The creator of app sensation Flappy Bird tweeted yesterday that he was removing the game from the app store within the next 24 hours, stating that it had ruined his “simple life” and implored the public to “Please give me peace”. Dong Nguyen had never expected that his indie game would reach such popularity, having reached over 50 million downloads, or the amount of interest he would receive from the press and fans alike. Obviously publicity and feedback are encouraged and needed by game developers in order to be successful and iron out the kinks in future releases, but sometimes this overwhelms small game developers. Whilst Dong has been reluctant to comment further on his reasons for removing Flappy Bird, there are a number of aspects that could have affected his decision.
I am sorry ‘Flappy Bird’ users, 22 hours from now, I will take ‘Flappy Bird’ down. I cannot take this anymore.
— Dong Nguyen (@dongatory) February 8, 2014
One of the main reasons could be the lack of time Dong had to prepare for his game’s rise to fame. Flappy Bird was first released on the App Store in May 2013, and had a relatively small following until the explosion of downloads in January 2014. The primary means for Flappy Bird’s growth was word of mouth, or in more modern times sharing of posts. Within days reviews on blogs, websites and YouTube came flooding in, some praising the addictiveness of the game, whilst other condemned it for its pastiche of Super Mario and high level of difficulty. Whilst most of the comments were constructive, as Flappy Bird became more and more popular the inevitable happened: internet trolls. The bane of creators and internet commentators, trolls came swarming in to make negative comments about Flappy Bird. Not because they thought that game was bad, more because they could and they would be protected by the relative anonymity of the internet. Whilst big corporations can shrug off negative comments, indie developers often find it more difficult, as the comments come directly to them via Twitter, Facebook and even email, making them very hard to ignore.
As with many indie gamers, each game says something about the person behind it and their experiences or view on the world around them. This means that when they release a game they open up a part of themselves to both praise and criticism. A tough skin is required in the world of gaming, and it is evident that Dong Nguyen does not have this, explaining the desire to remove Flappy Bird from the spotlight. However this seems counter-productive, as Nguyen assured his fans via Twitter that he would continue to make games, so why remove your first game if it was so successful? It is rare to find someone who actually wants to be mediocre in their success, although perhaps Nguyen fears he has hit a pixelated ceiling, making it harder to make a good game in the future as they will all be compared to Flappy Bird.

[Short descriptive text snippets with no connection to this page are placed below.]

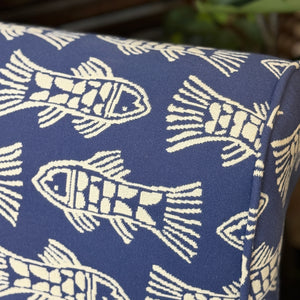 Blue Fish Slipper Chair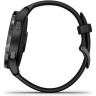Часы GARMIN VENU SLATE STAINLESS STEEL BEZEL WITH BLACK CASE AND SILICONE BAND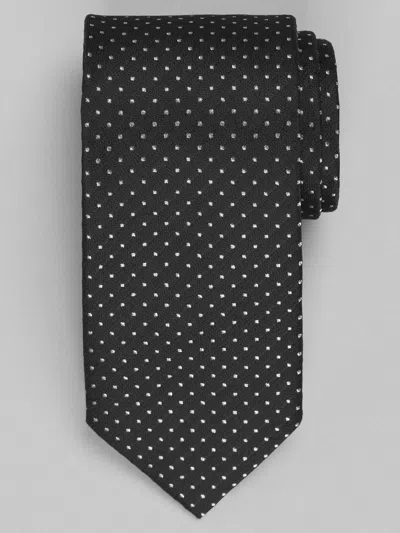 Pronto Uomo Narrow Metallic Pin Dot Tie
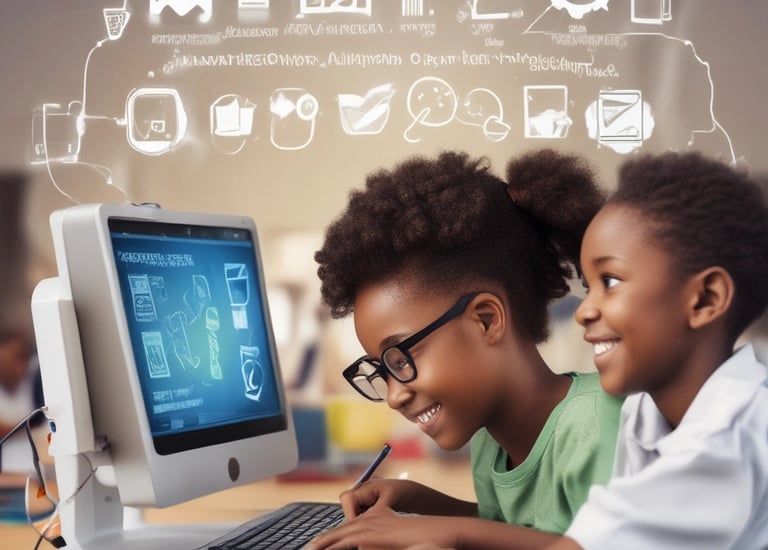 Technicians testing vehicle technology prototypes in a workshop.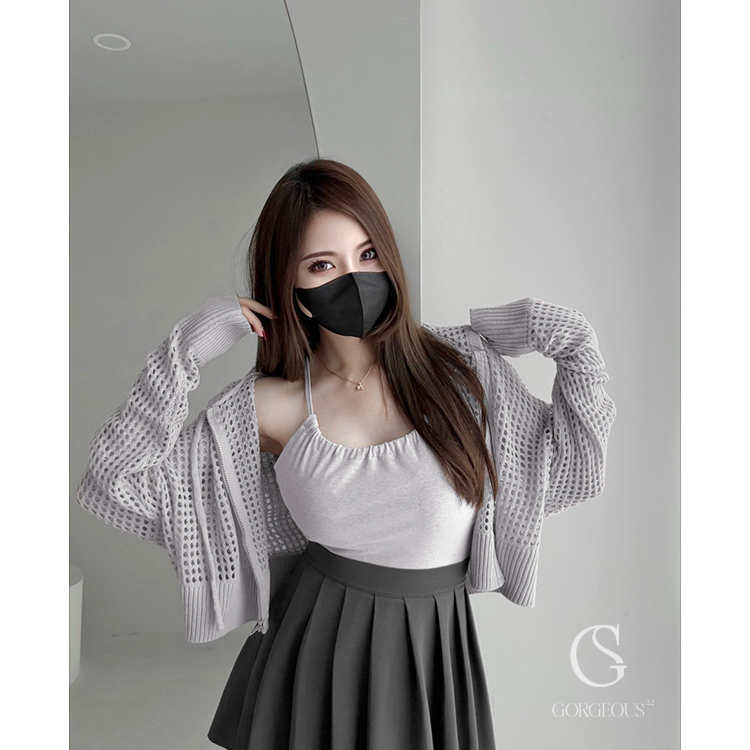 G3012 現貨「Suger Hot. 洞洞外套」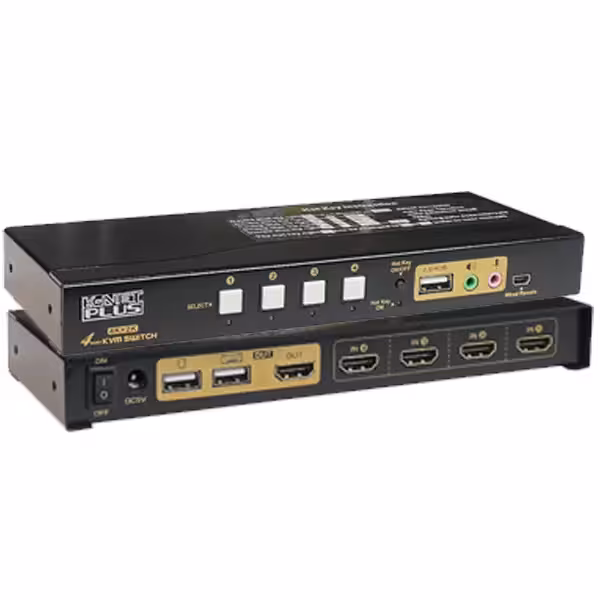 سوئیچ کی وی ام 4 خروجی اتومات HDMI USB کی نت پلاس مدل KP-SWKH404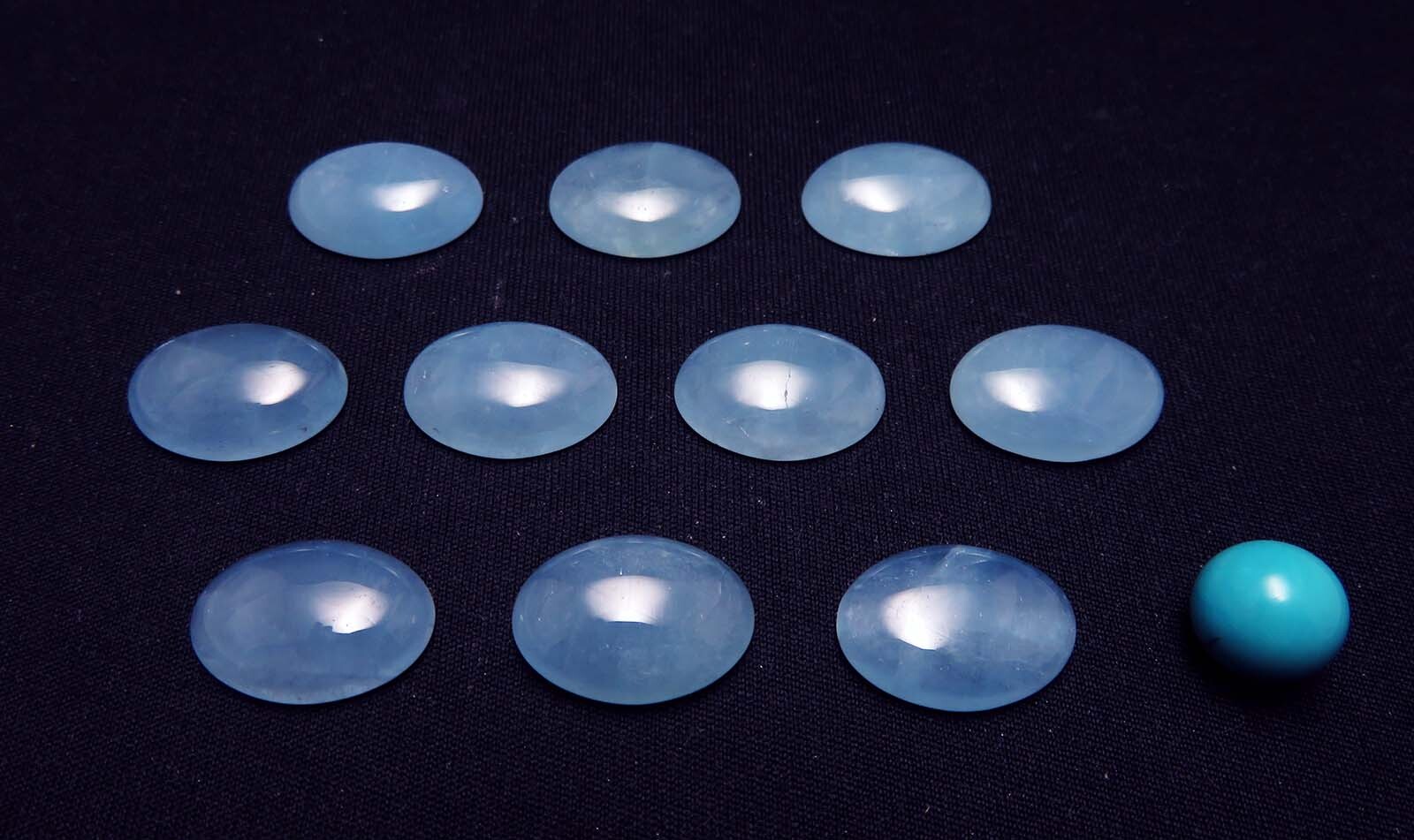 画像: ロイヤルシラー アクアマリン ヒーリングストーン(１８×１３ｍｍ）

The revenue from advertising in the game, which is free to download for iOS and Android users, has been estimated at close to £30,000 a day. There are no signs of the game being removed from the various app stores yet, leading a sneaking suspicion of a last push for money with an outcome of the game not being removed. Perhaps that’s just this writer’s cynicism, as Dong Nguyen does seem genuinely plagued by his humble game’s success.